▶ **EXERCISE GOAL**
Your task is to restate word for word the lines in the material below, from the one with "The tangent-chord angle" up to and including the one with "Math lesson 110.". Do not carry over the pictures.

AVAILABLE DATA START

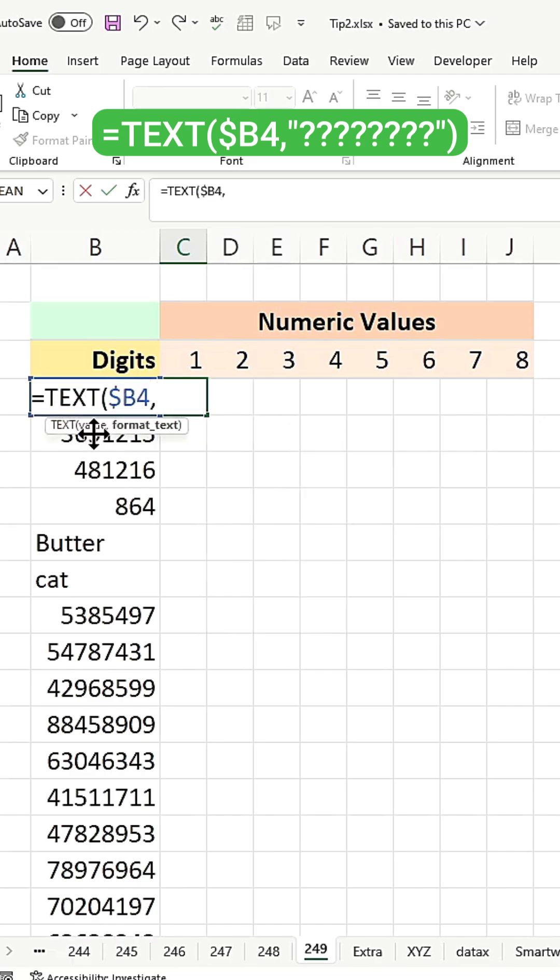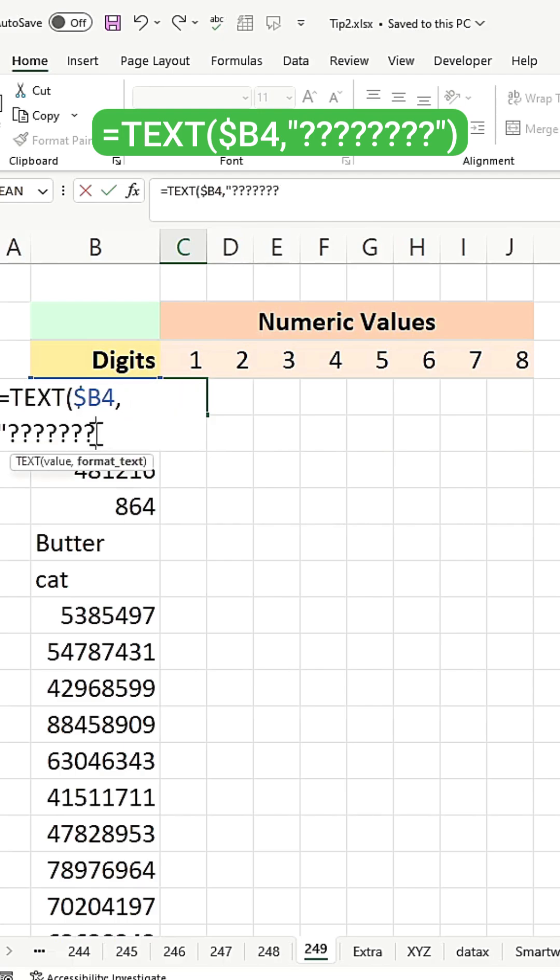Limit your characters to eight, or adjust as needed if you have more than eight characters. This step converts the number into text.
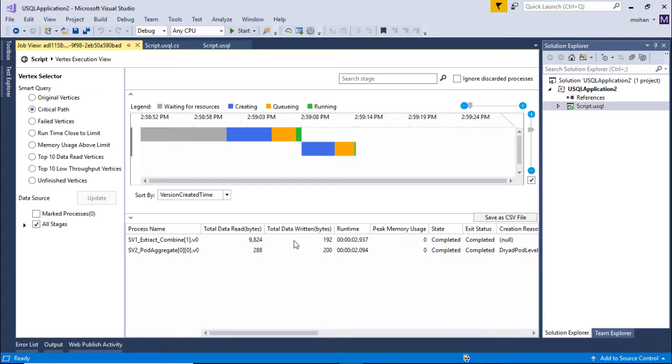If you want to look at the vertex that's taking a lot of time to consume, just go to this critical path and you will know what are the vertices, what are the stages that are taking the longest time to complete.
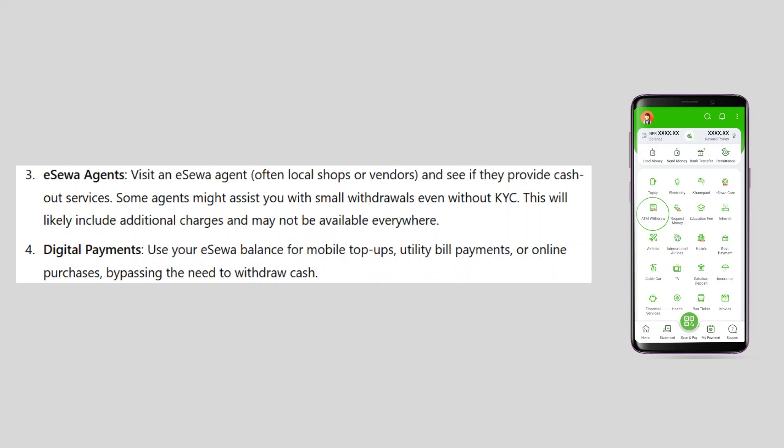You can use your eSewa balance for mobile top-ups, utility bill payments, or online purchases, bypassing the need to withdraw cash.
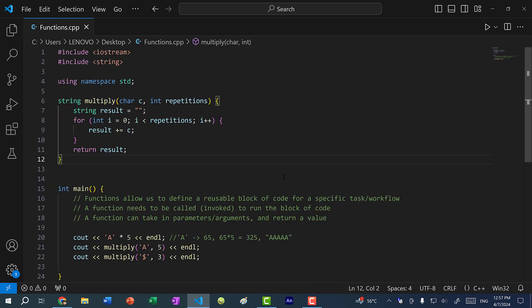That's the basics of functions in C++. In the next two videos we're going to talk more in depth on functions. If you found this video helpful, make sure you give it a like. If you have any questions, let me know in the comments below. If you want to stay up to date for more C++ tutorials, make sure you subscribe to the channel. See you in the next video — bye bye.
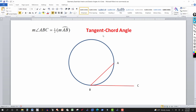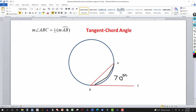The tangent-chord angle is formed by a tangent and a chord, with the vertex on the circle — making it an interior angle. Here we don't take a sum or difference; we simply take one half of the intercepted arc. So if that arc measures 70 degrees, the measure of angle ABC is 35 degrees.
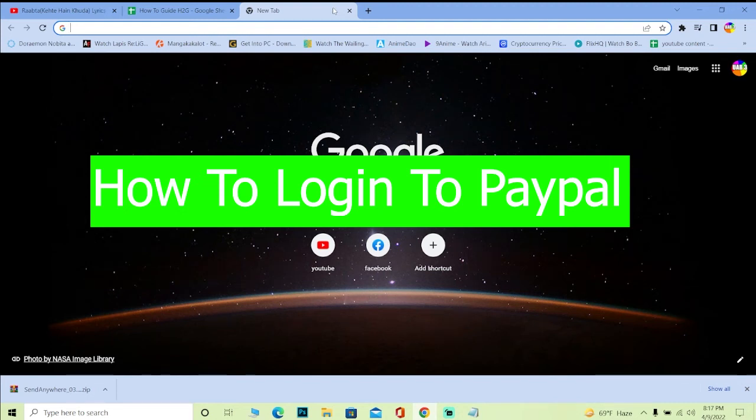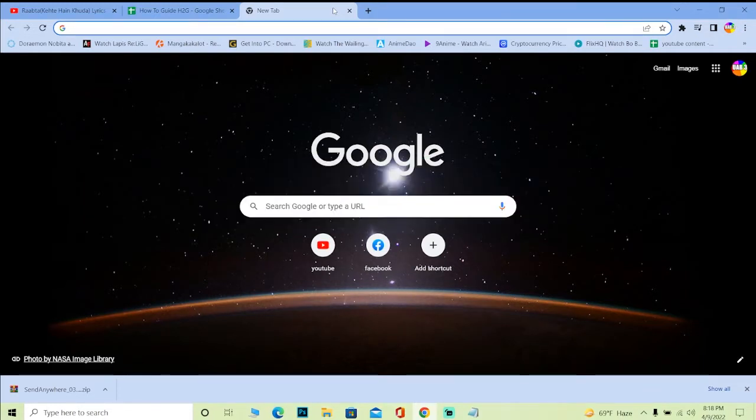Welcome back to our channel How to Guide with another brand new video. In today's video, it's me Kevin narrating, and I'm going to be teaching you how to log in to PayPal. This is a complete guide video for logging into PayPal.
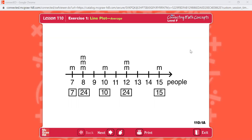Math lesson 110. Open your workbook to lesson 110 and find part 1. You're going to figure out the average for each problem.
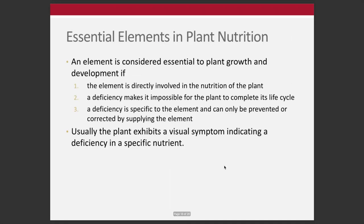We want the right nutrients in the right place. An element is considered essential to plant growth if it is directly involved in the nutrition of the plant, if a deficiency makes it impossible for the plant to complete its life cycle, and if a deficiency of a specific element can only be prevented by correcting with that specific element — in other words, we can't substitute one nutrient for another. When a plant is not getting its essential elements, there's usually some visual deficiency symptom that might manifest.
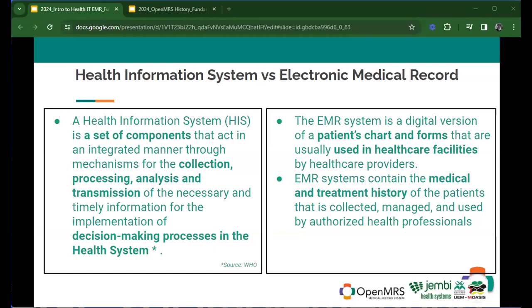An EMR system contains medical and treatment history — everything that is part of the flow of current treatment for a patient, starting with registration, vitals, pharmacy, lab, clinical care, psychosocial — anything can be entered on the history of the patient. It's collected, managed, and used by outreach and health professionals. Any data that enters an EMR system is secured, and there are certain procedures that help keep the confidentiality and privacy of this information.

AVAILABLE DATA END

▶ **EXERCISE RESULT**
The tangent-chord angle is formed by a tangent and a chord, with the vertex on the circle — making it an interior angle. Here we don't take a sum or difference; we simply take one half of the intercepted arc. So if that arc measures 70 degrees, the measure of angle ABC is 35 degrees.
Welcome back to our channel How to Guide with another brand new video. In today's video, it's me Kevin narrating, and I'm going to be teaching you how to log in to PayPal. This is a complete guide video for logging into PayPal.
Math lesson 110. Open your workbook to lesson 110 and find part 1. You're going to figure out the average for each problem.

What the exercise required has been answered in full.